[Scraped caption text data]
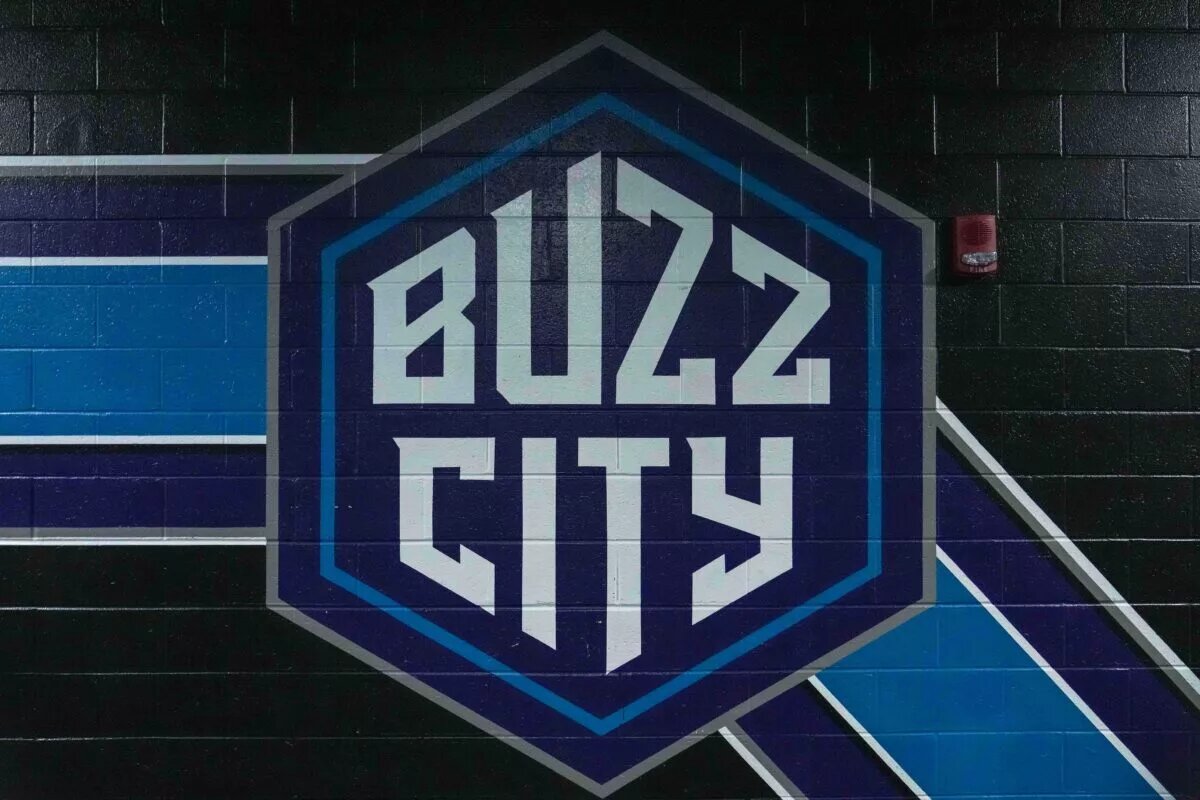 Charlotte Hornets “Buzz City” logo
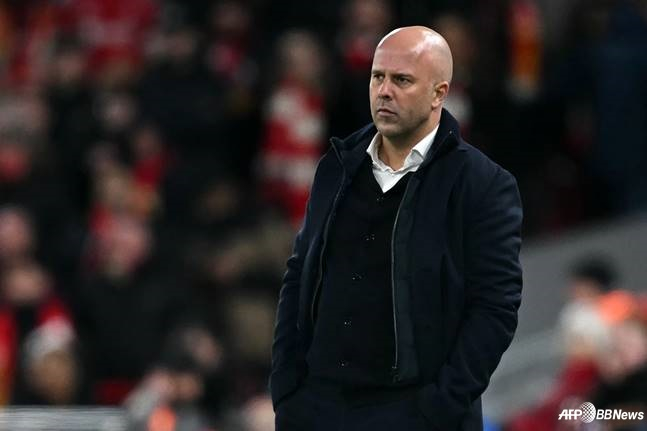 아르네 슬롯 리버풀 감독이 27일 오전 5시(한국시간) 영국 리버풀의 안필드에서 열린 2025~2026시즌 유럽축구연맹(UEFA) 챔피언스리그(UCL) 리그 페이즈 5라운드 경기 를 바라보고 있다. /AFPBBNews=뉴스1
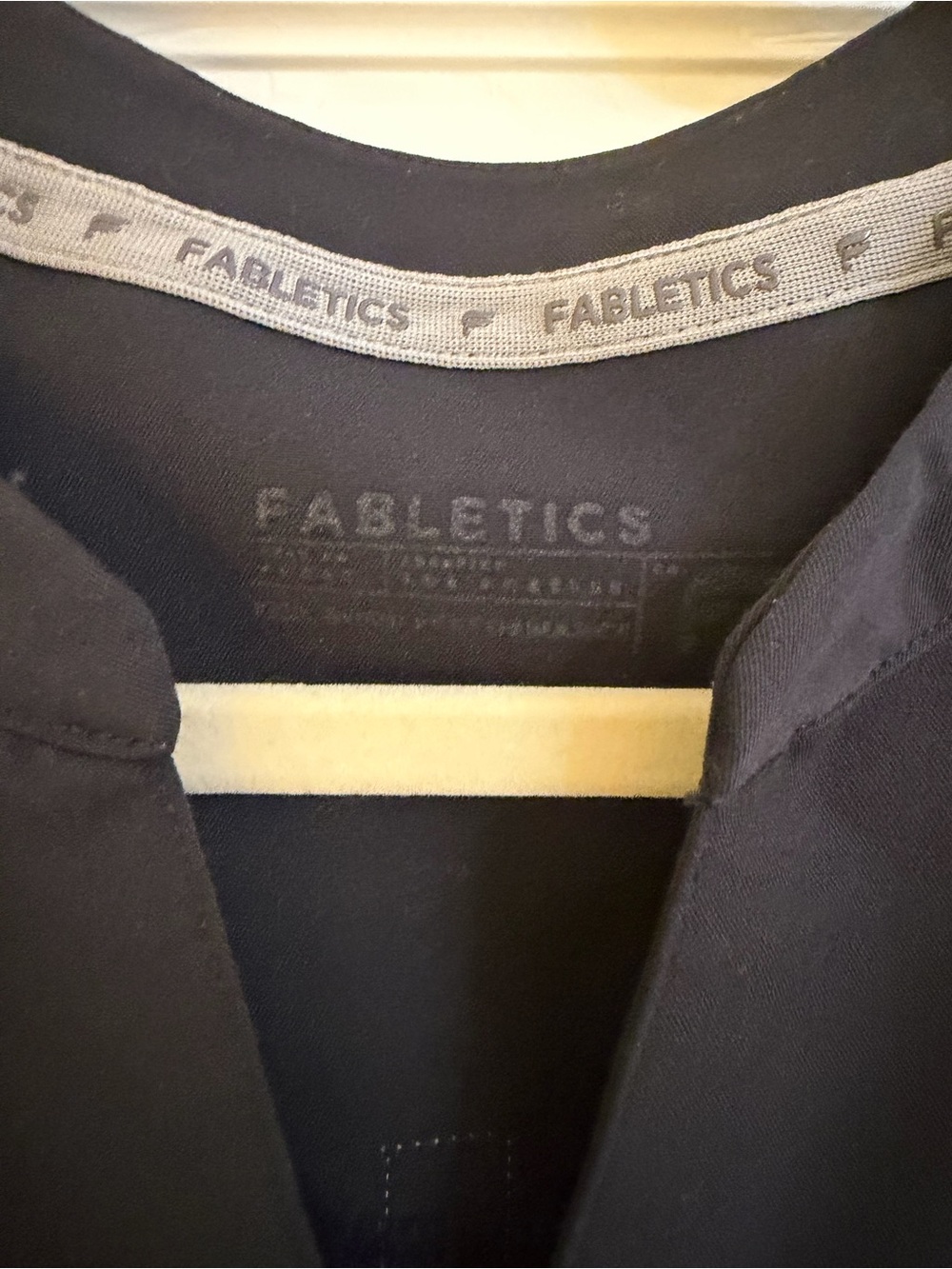 Fabletics Black scrub set small - Picture 3 of 4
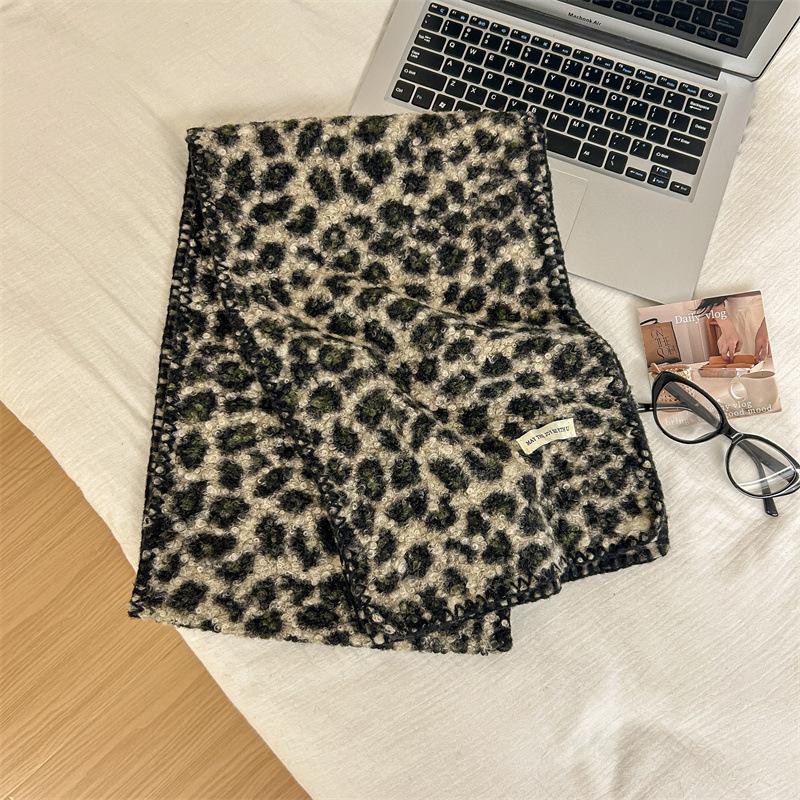New Fashionable Leopard Pattern Lamb Wool Knitted Scarf For Women'S Winter Personalized Versatile Warm Neck
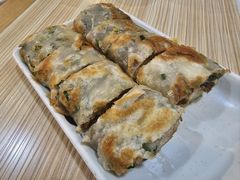 葱饼卷牛肉-台北楚楚园馅饼粥(虹桥南丰城店)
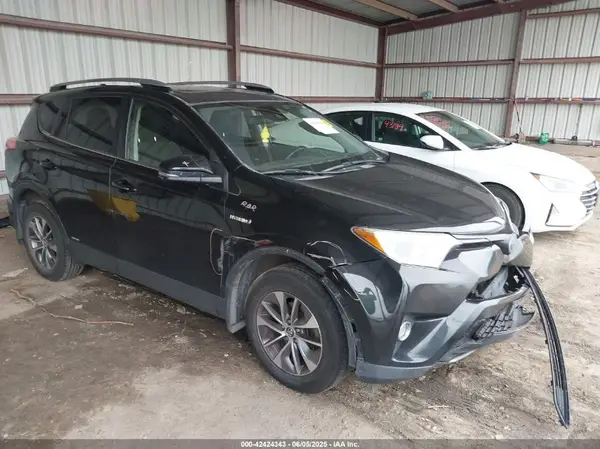 JTMRJREV1HD132802 2017 TOYOTA RAV 4 - Image 1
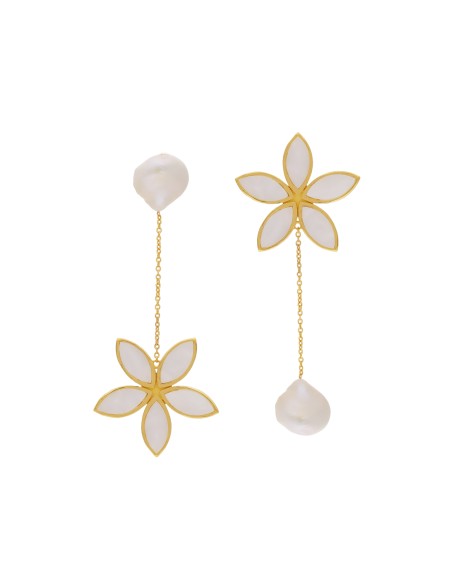 Pendientes dorados con flor de nácar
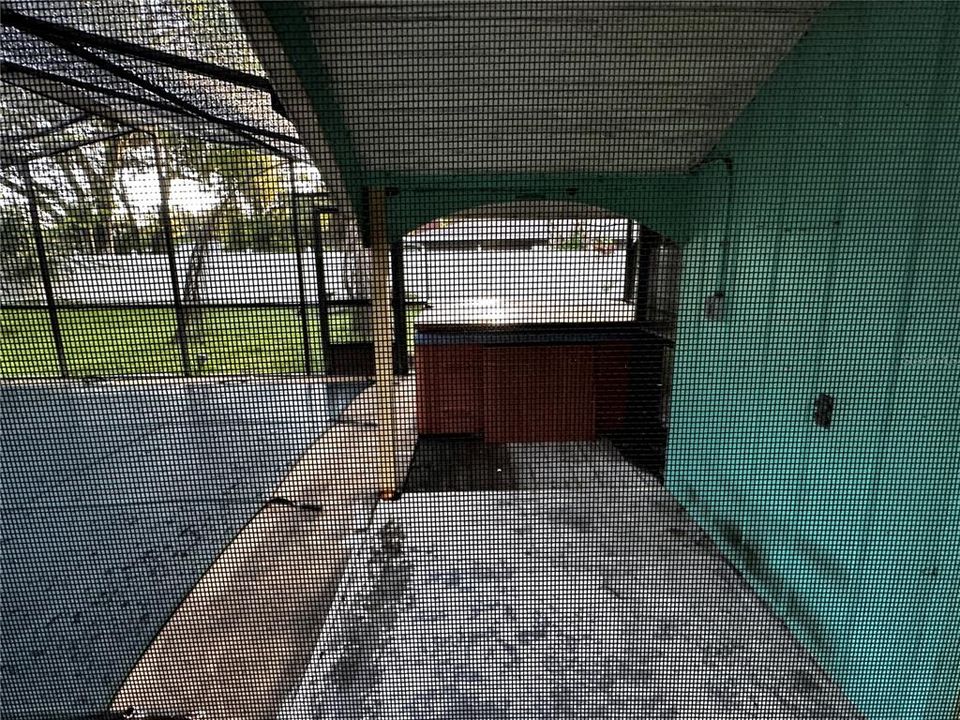 Под контрактом: $209,900 (2 спален, 1 ванн, 1201 Квадратных фут)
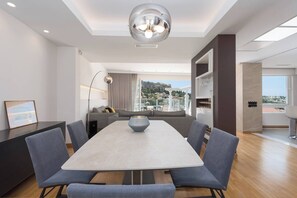 Dining - Acropolis View 6th-Floor Gem, Monastiraki (Athens)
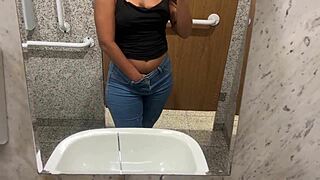 Masturbating in shopping bathroom until pussy squirts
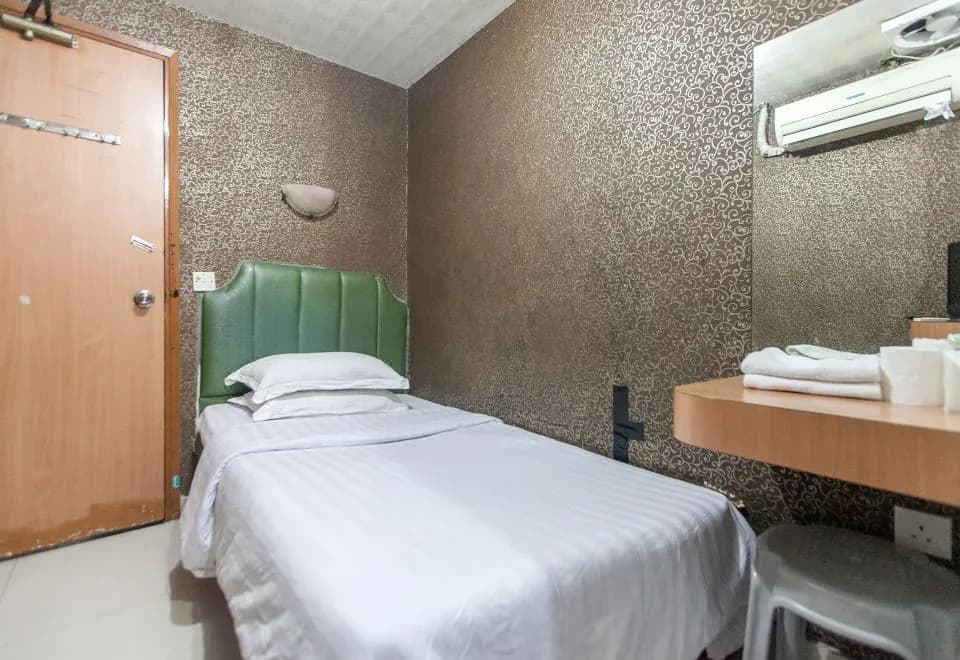 Marbo Villa (Hostel)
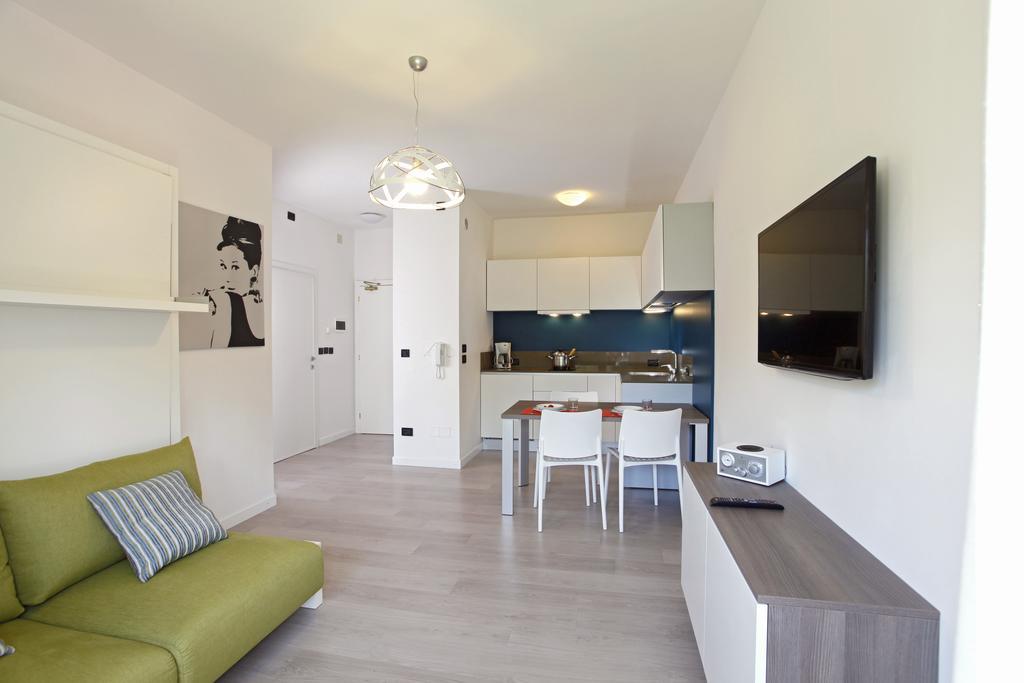 Residence Toblini Torbole Sul Garda Eksteriør bilde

__Problem details__
Locate "Под контрактом: $209,900" in the entries above. Copy, exactly and only, the lines from that line to the end, leaving out the pictures.

__Output for this task__
 Под контрактом: $209,900 (2 спален, 1 ванн, 1201 Квадратных фут)
 Dining - Acropolis View 6th-Floor Gem, Monastiraki (Athens)
 Masturbating in shopping bathroom until pussy squirts
 Marbo Villa (Hostel)
 Residence Toblini Torbole Sul Garda Eksteriør bilde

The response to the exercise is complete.